Computational Historical Linguistics

Anselm corpus

The project Questions by St. Anselm about the Lord’s Passion, funded by DFG, deals with a popular medieval dialogue between Anselm of Canterbury and Saint Mary. The text has been preserved in various German dialects in more than 60 manuscripts and prints from the 14th–16th centuries, all of which have been transcribed and are currently being annotated. The ultimate goal of the project is to use the corpus for various cross-linguistic investigations, such as comparing spelling or word-order variation between different dialects. Sample data is already available and can be searched via ANNIS.
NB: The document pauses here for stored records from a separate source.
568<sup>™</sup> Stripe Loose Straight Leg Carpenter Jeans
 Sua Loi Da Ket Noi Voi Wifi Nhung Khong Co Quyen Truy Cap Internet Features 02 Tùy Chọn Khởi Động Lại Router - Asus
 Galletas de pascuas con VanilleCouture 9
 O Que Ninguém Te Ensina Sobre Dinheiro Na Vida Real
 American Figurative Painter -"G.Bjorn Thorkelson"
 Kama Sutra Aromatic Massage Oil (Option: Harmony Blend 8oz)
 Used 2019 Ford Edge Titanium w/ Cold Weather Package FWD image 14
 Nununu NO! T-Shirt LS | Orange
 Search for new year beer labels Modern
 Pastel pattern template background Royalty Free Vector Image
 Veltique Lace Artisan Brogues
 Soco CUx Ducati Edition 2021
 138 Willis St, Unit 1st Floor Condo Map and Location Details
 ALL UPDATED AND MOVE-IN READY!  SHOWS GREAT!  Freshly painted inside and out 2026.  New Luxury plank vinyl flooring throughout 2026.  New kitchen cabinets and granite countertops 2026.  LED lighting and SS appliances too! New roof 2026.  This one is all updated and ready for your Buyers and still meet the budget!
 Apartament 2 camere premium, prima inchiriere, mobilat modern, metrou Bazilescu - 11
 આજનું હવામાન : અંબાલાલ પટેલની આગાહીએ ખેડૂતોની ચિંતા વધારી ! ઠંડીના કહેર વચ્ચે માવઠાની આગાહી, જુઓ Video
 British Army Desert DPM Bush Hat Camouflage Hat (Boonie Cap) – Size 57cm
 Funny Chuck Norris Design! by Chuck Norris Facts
Website of the Anselm project

Reference corpora of historical German

We are part of two DFG-funded projects for creating annotated reference corpora of historical German: Reference corpus Middle High German and Reference corpus Early New High German. These projects are complemented by two further, ongoing projects, dealing with Old German and Middle Low German, respectively. The four corpora are transcribed diplomatically (i.e. close to the original manuscripts) and annotated with lemma, morphology, and part of speech. They follow similar guidelines, which will allow us eventually to merge the annotated corpora and create one large, diachronic corpus of German.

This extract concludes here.